Brunches Recipes - Baked Ricotta and Red Capsicum with Pesto Brunches Recipe

 
 

Brunches Recipes - Baked Ricotta and Red Capsicum with Pesto

Ingredients

  • 1 large red capsicum (pepper), cut into quarters and seeded

  • 750 g (1 lb 10 oz) low-fat ricotta cheese

  • 1 egg

  • 6 slices wholegrain bread

Pesto

  • 2 tablespoons pine nuts

  • 100 g (2 cups) basil

  • 2 garlic cloves

  • 2 tablespoons good-quality olive oil

  • 2 tablespoons finely grated fresh Parmesan cheese


Method:

  1. Preheat the oven to 180°C (350°F/ Gas 4). Lightly grease six Texas (large) muffin holes.

  2. Cook the capsicum, skin-side up. under a hot grill (broiler) for 5-6 minutes, or until the skin blackens and blisters. Place in a bowl and cover with plastic wrap until cool enough to handle. Peel off the skin and slice the flesh into 2 cm (3/4 inch) wide strips.
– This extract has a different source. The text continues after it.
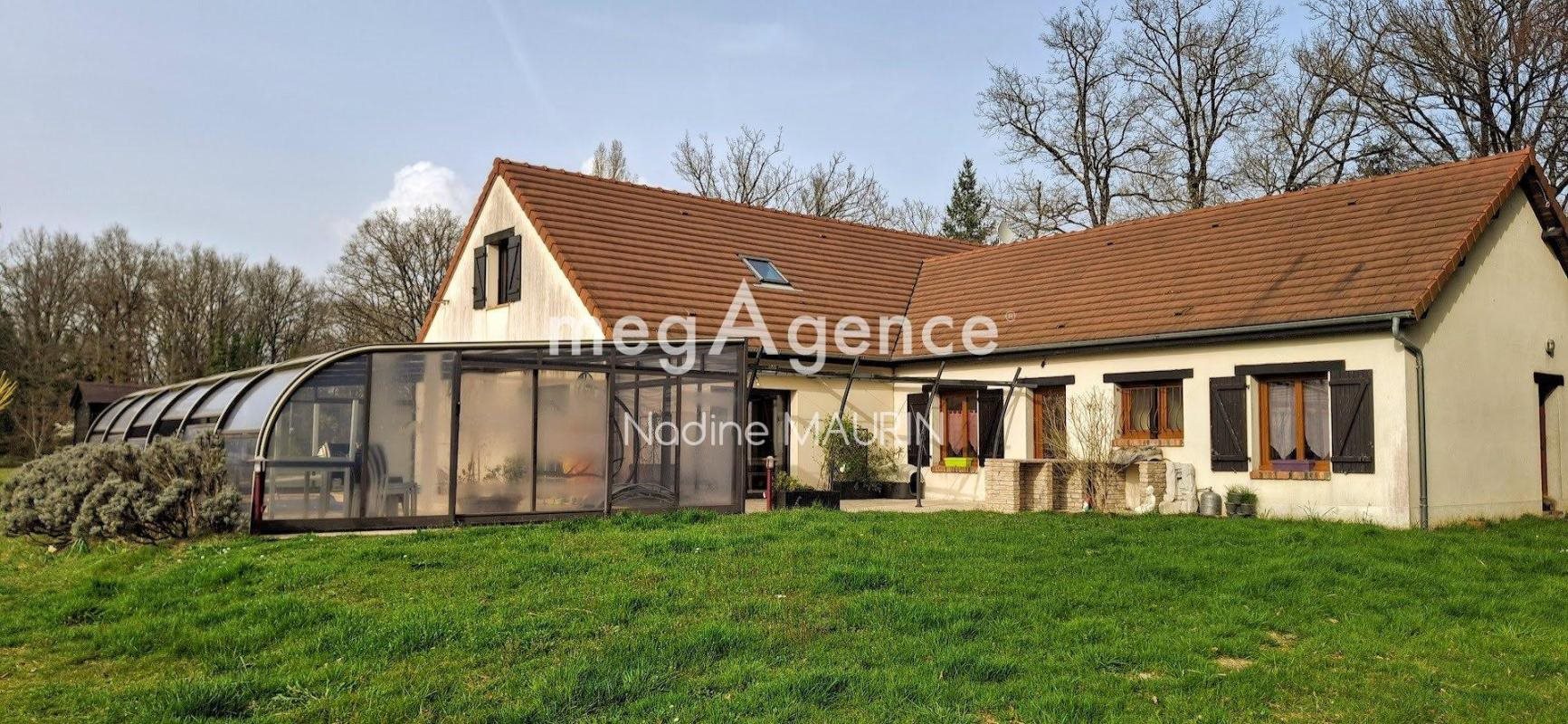 Maison à vendre, 224m², Mur-de-Sologne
  3. To make the pesto: place the pine nuts, basil and garlic in a food processor and process for 15 seconds, or until finely chopped. While the processor is running add the oil in a continuous thin stream, then season with salt and freshly ground black pepper. Stir in the Parmesan.
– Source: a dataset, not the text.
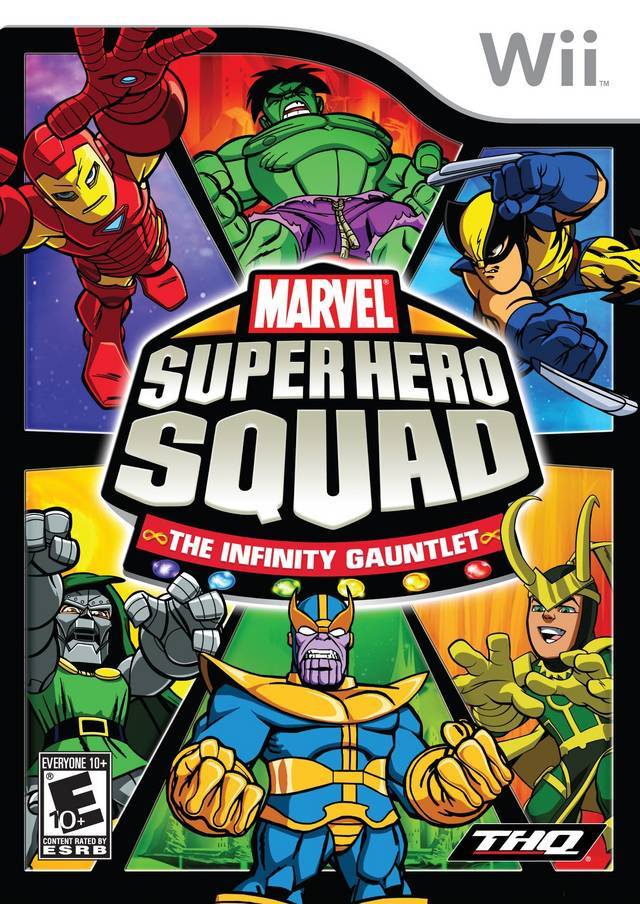 Marvel Super Hero Squad: The Infinity Gauntlet (Wii)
  4. Mix the ricotta and egg until well combined. Season with salt and freshly ground black pepper. Divide the capsicum strips among the muffin holes. top with 2 teaspoons pesto and spoon in the ricotta mixture.

  5. Bake for 35-40 minutes, or until the ricotta is firm and golden. Cool, then remove from the muffin holes. Toast the bread slices and cut them into fingers. Serve with the baked ricotta and a dollop of the remaining pesto on the side.